Problem to solve:
Each entry below needs to be reproduced exactly as given.

Provided records:
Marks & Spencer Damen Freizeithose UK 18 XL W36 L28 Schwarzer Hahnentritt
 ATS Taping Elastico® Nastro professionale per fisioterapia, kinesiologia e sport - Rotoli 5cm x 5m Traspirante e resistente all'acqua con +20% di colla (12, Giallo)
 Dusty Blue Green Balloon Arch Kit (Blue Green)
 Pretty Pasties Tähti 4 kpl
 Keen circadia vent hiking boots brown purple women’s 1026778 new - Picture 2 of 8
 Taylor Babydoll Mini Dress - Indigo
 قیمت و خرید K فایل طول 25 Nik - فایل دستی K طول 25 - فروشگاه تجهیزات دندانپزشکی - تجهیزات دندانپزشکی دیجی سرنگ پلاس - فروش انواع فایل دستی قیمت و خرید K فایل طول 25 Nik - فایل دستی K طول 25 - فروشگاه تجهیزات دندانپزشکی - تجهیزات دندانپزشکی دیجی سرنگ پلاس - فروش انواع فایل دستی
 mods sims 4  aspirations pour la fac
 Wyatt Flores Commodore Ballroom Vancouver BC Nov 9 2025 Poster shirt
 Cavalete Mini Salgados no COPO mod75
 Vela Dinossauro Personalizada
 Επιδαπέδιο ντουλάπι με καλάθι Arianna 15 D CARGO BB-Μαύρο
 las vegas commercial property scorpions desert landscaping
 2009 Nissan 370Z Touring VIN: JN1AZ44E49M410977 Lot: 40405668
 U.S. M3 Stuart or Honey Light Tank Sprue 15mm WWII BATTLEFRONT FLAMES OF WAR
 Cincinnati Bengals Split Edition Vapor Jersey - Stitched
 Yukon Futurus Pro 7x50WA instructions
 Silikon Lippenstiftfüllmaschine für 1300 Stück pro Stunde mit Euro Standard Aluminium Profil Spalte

Solved problem:
Marks & Spencer Damen Freizeithose UK 18 XL W36 L28 Schwarzer Hahnentritt
 ATS Taping Elastico® Nastro professionale per fisioterapia, kinesiologia e sport - Rotoli 5cm x 5m Traspirante e resistente all'acqua con +20% di colla (12, Giallo)
 Dusty Blue Green Balloon Arch Kit (Blue Green)
 Pretty Pasties Tähti 4 kpl
 Keen circadia vent hiking boots brown purple women’s 1026778 new - Picture 2 of 8
 Taylor Babydoll Mini Dress - Indigo
 قیمت و خرید K فایل طول 25 Nik - فایل دستی K طول 25 - فروشگاه تجهیزات دندانپزشکی - تجهیزات دندانپزشکی دیجی سرنگ پلاس - فروش انواع فایل دستی قیمت و خرید K فایل طول 25 Nik - فایل دستی K طول 25 - فروشگاه تجهیزات دندانپزشکی - تجهیزات دندانپزشکی دیجی سرنگ پلاس - فروش انواع فایل دستی
 mods sims 4  aspirations pour la fac
 Wyatt Flores Commodore Ballroom Vancouver BC Nov 9 2025 Poster shirt
 Cavalete Mini Salgados no COPO mod75
 Vela Dinossauro Personalizada
 Επιδαπέδιο ντουλάπι με καλάθι Arianna 15 D CARGO BB-Μαύρο
 las vegas commercial property scorpions desert landscaping
 2009 Nissan 370Z Touring VIN: JN1AZ44E49M410977 Lot: 40405668
 U.S. M3 Stuart or Honey Light Tank Sprue 15mm WWII BATTLEFRONT FLAMES OF WAR
 Cincinnati Bengals Split Edition Vapor Jersey - Stitched
 Yukon Futurus Pro 7x50WA instructions
 Silikon Lippenstiftfüllmaschine für 1300 Stück pro Stunde mit Euro Standard Aluminium Profil Spalte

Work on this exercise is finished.